Following in the wake and footsteps of Sir Ernest Shackleton, Weymouth sailor Paul Larsen, pictured, and team-mates have re-enacted an 800 nautical mile voyage across the Southern Ocean and have reached South Georgia Island.
The expedition departed on their history-making journey on January 23 and have arrived at the old whaling station at Stromness.
Their arrival marks the achievements of ‘the double’ for the crew of Shackleton Epic.
They crossed 800 nautical miles of ocean from Elephant Island to the South Georgia and tackled the mountain climb across South Georgia, which Shackleton completed in 1916.
It is the same location where Shackleton and his men raised the alarm that the crew of the Endurance needed rescue, almost 100 years ago.
Mr Larsen’s crew mates included team leader Tim Jarvis, mountaineer and royal marine Barry Gray, skipper Nick Bubb, Seb Coulthard, cameraman Ed Wardle.
Mr Larsen, who acted as navigator aboard the Alexandra Shackleton replica boat, said it was a ‘real honour’ to walk in Shackleton’s footsteps despite being pounded by 50 knot winds.
“We are only replicating part of the journey but it was a real honour to walk in that great man’s footsteps,” he said.
Veteran polar adventurer Mr Jarvis added: “It was epic.

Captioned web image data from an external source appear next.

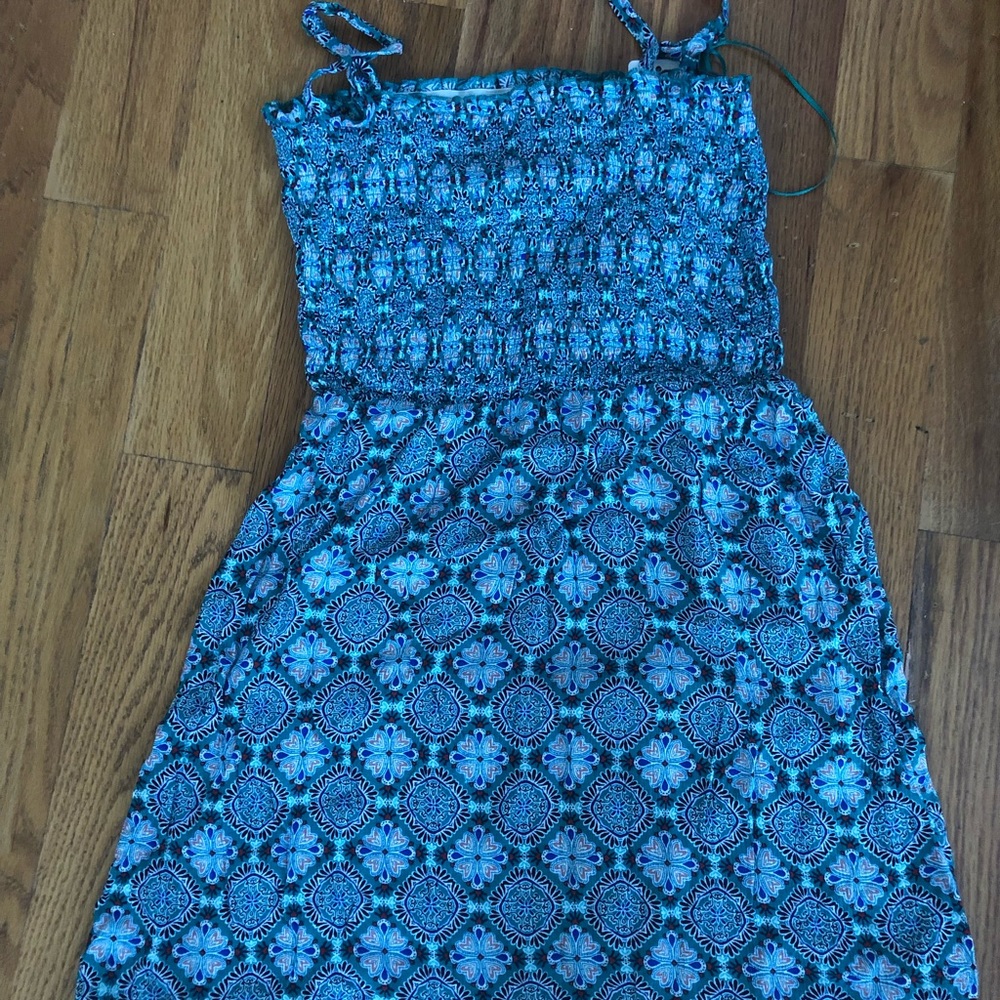 Patterned Dress - Picture 2 of 4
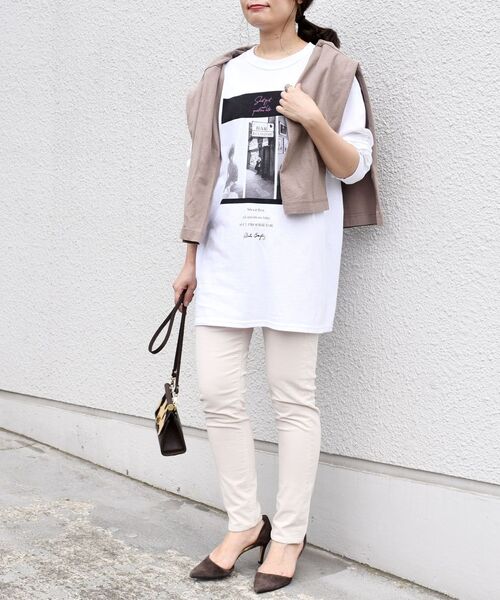 SHIPS（シップス）の「【WEB限定】テーパードコーデュロイパンツ◆（その他パンツ・レディース・ベージュ/オフホワイト/グリーン/ダークグレー/ブルー/ブラック・SMALL/MEDIUM/LARGE/X-SMALL）」の10枚目の写真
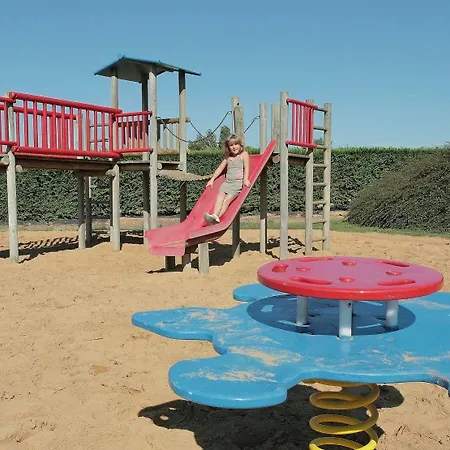 Azureva Vendee Ocean Aparthotel 2*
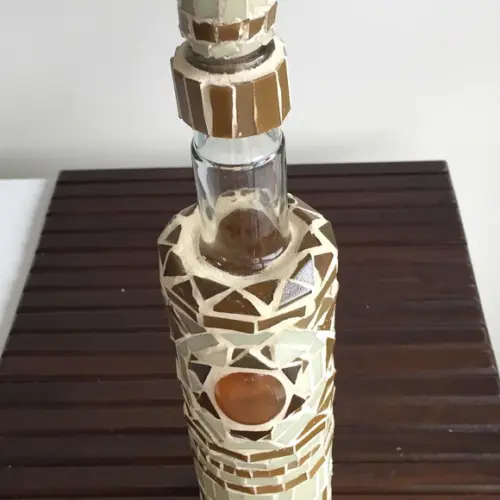 Garrafa em mosaico de vidro estilo tribal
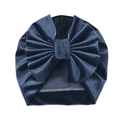 Detail eines dunkelblauen Turban-Huts aus Samt für Babys mit großer Schleife und Overlock-Naht - Blau (Schleife)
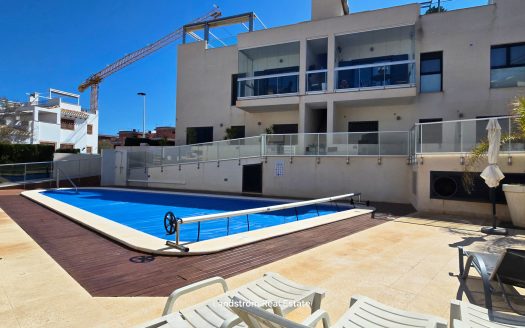 Beautiful 2 bedroom penthouse, Torrelamata.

We’ve arrived here against the odds.
“The ice climb is a serious thing, Shackleton didn’t exaggerate.
“With ice at 50 degrees, with one wrong foot, we could have careened down a crevasse.”
The team had planned to use the same kind of clothing and gear that Shackleton and his men would have worn in 1916.

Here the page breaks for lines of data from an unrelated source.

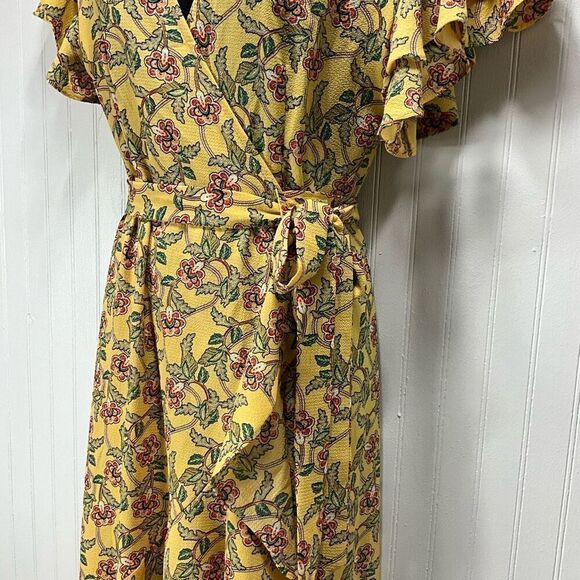 MAX STUDIO Short Sleeve Wrap Dress - Picture 4 of 7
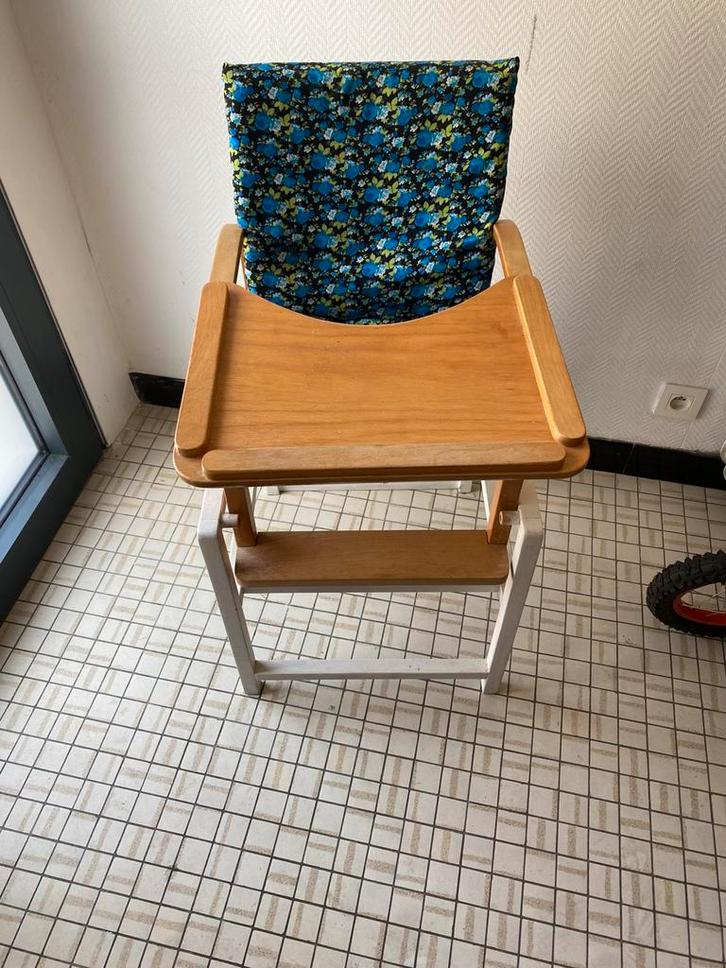 Stevige Kinderstoel, Kinderen en Baby's, Kinderkamer | Tafels en Stoelen, Zo goed als nieuw, Tafel(s) en Stoel(en), Ophalen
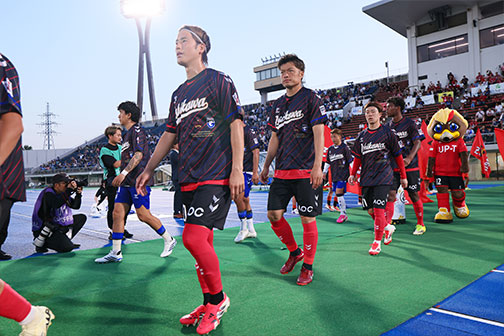 18:00 選手入場・キックオフ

However, they had to resort to using a modern tent and sleeping bags to stay alive.
They also decided to eat salami rather than the penguins and seals on which Shackleton’s crew subsisted.
The brave team leader paid tribute to his crew members who he said were all ‘first-rate individuals’.

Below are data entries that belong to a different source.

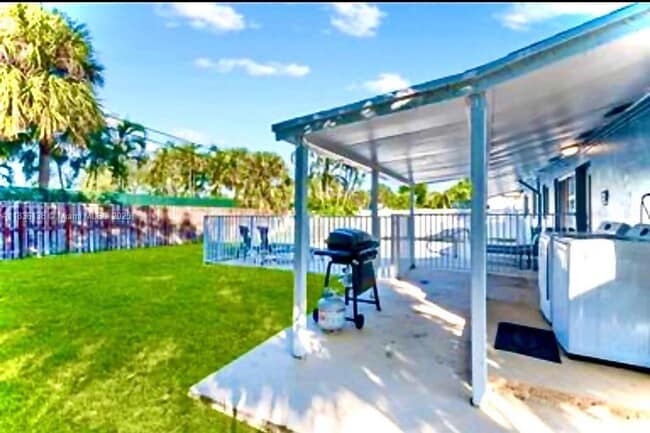 Building Photo - 2233 SE 13th St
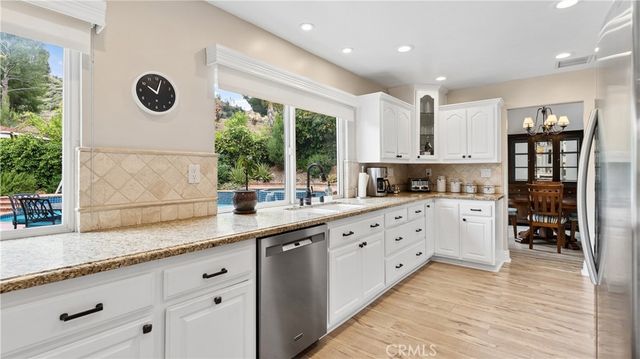 20944 Canterwood, Saugus, CA 91350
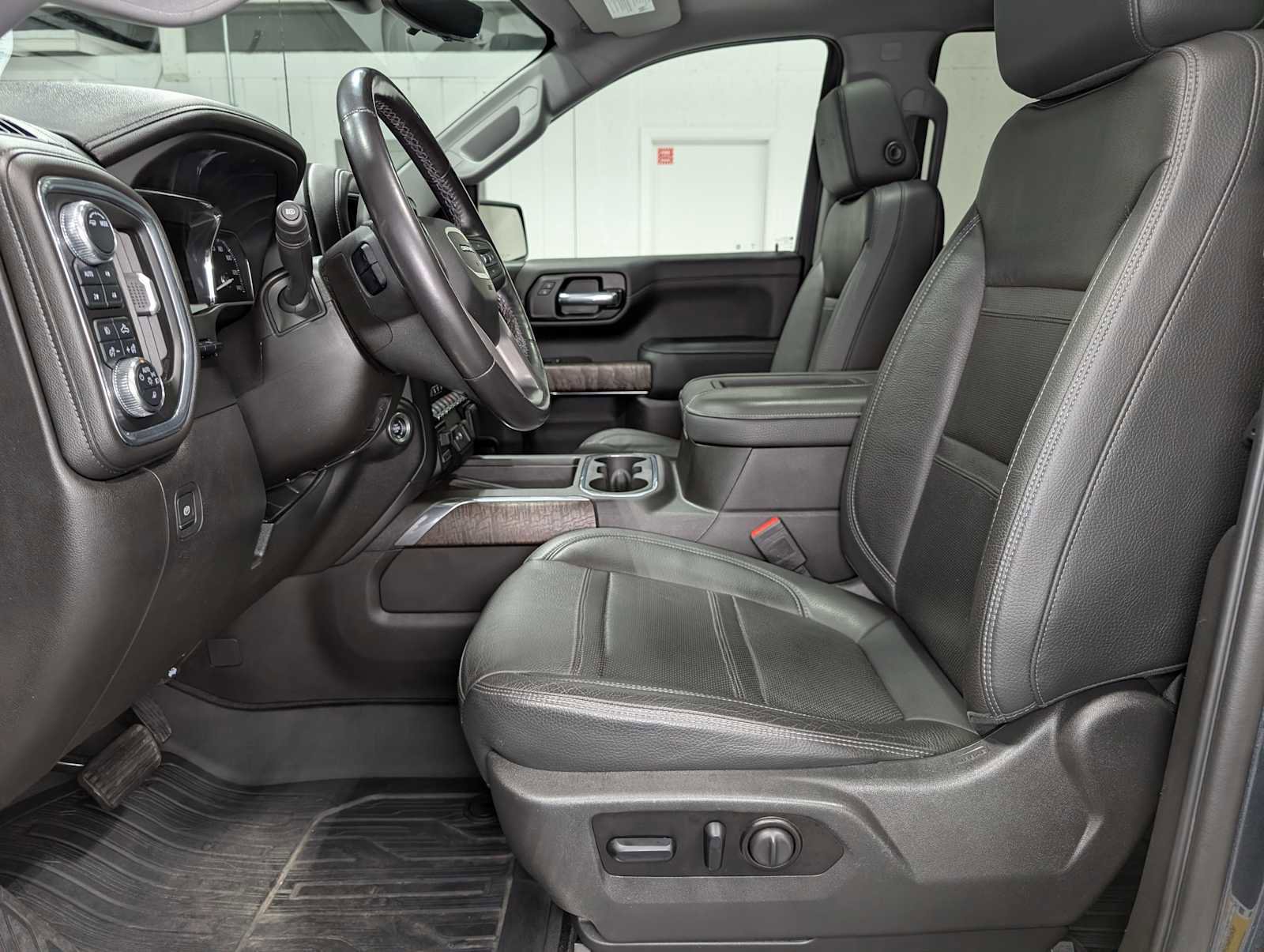 Used 2021 GMC Sierra 1500 Denali w/ Denali Ultimate Package image 4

He added: “These early explorers were iron men in wooden boats and while modern man mostly travels around in iron vessels, I hope we’ve been able to emulate some of what they achieved.”
SHACKLETON’S survival story was remarkable in that the final two legs of his journey came after the 28 crew had endured more than a year in Antarctica.
Their ship was crushed by the ice pack and the men later sailed in lifeboats to Elephant Island, where 22 of them stayed, waiting for help.
After reaching the whaling station, Shackleton was able to raise the alarm and save all his crew.